→ YOUR TASK
The answer must be the full data, restated word for word, with no pictures in it.

→ Dataset records
____________________
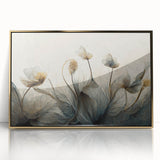 Muted Blue & Gold Floral Elegance - Contemporary Living Room Art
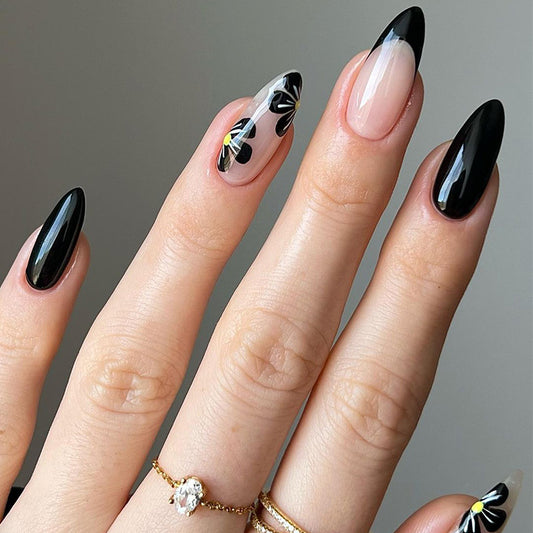 Gothic Elegance Long Almond Shaped Black and Clear Nail Set with Floral Accents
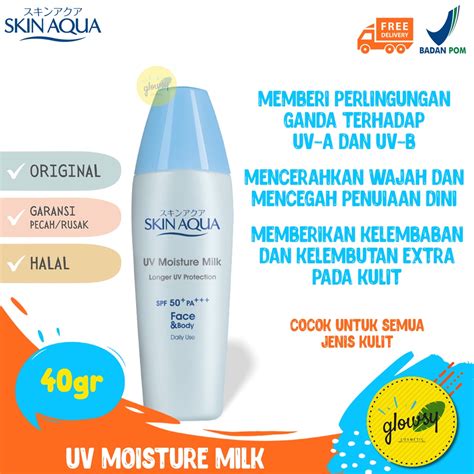 Jual Sunscreen Skin Aqua Spf 50 Uv Moisture Milk 40g Sunblock Skin Aqua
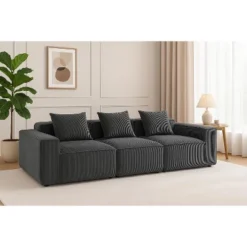 CAVINAS Multi Comfy Corduroy Sofa With Horizontal Texture Design,Indoor Compression 3-Seater Sofa Set,Sofa Couch For Living Room Furniture -Baxton Studio Sale Shop GUEST c32e0ade 7adf 46f3 81fd 7db183ce1832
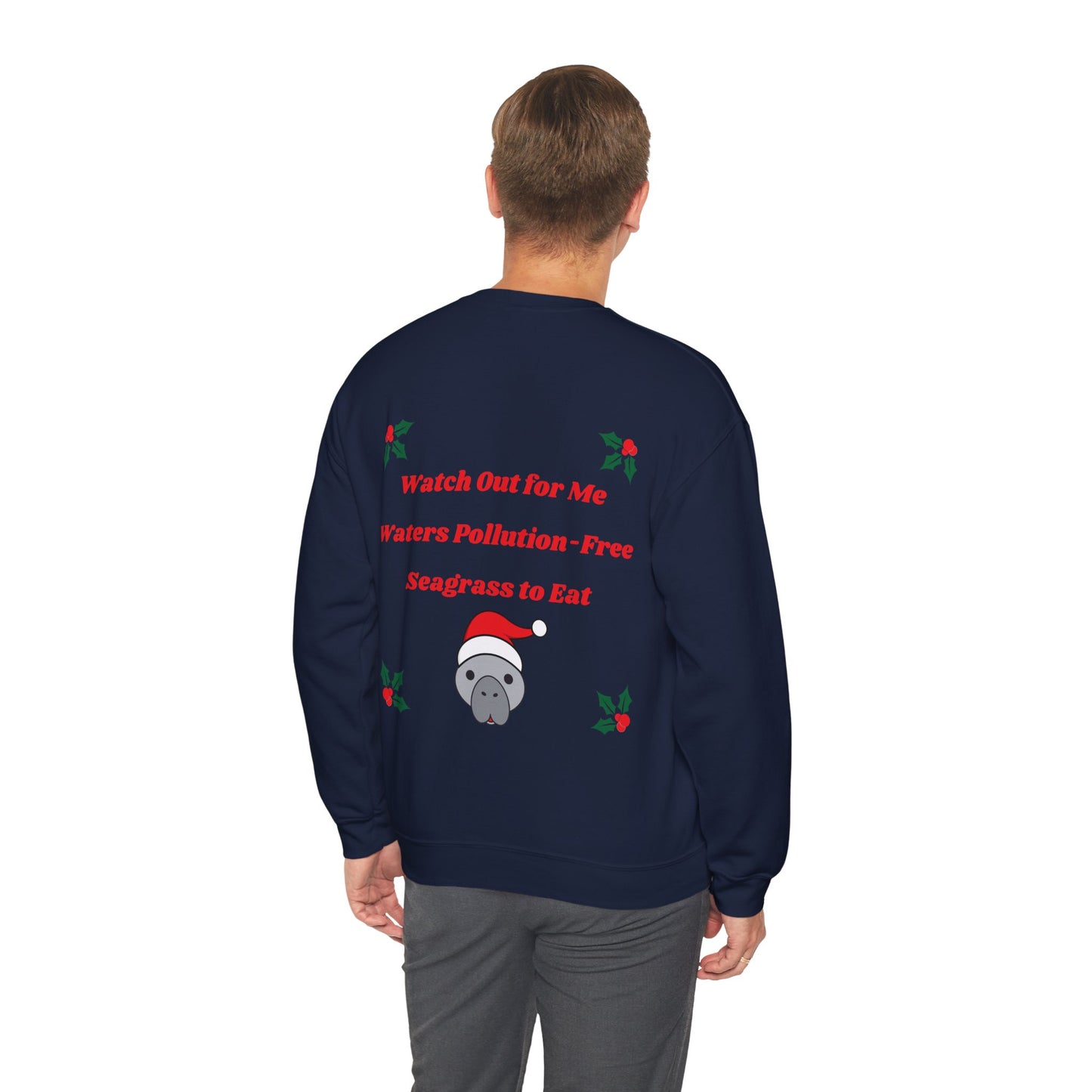 Manatee Holiday Wishes Christmas Unisex Heavy Blend Crewneck Sweatshirt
____________________
→ ANSWER FOR THE TASK
 Muted Blue & Gold Floral Elegance - Contemporary Living Room Art
 Gothic Elegance Long Almond Shaped Black and Clear Nail Set with Floral Accents
 Jual Sunscreen Skin Aqua Spf 50 Uv Moisture Milk 40g Sunblock Skin Aqua
 CAVINAS Multi Comfy Corduroy Sofa With Horizontal Texture Design,Indoor Compression 3-Seater Sofa Set,Sofa Couch For Living Room Furniture -Baxton Studio Sale Shop GUEST c32e0ade 7adf 46f3 81fd 7db183ce1832
 Manatee Holiday Wishes Christmas Unisex Heavy Blend Crewneck Sweatshirt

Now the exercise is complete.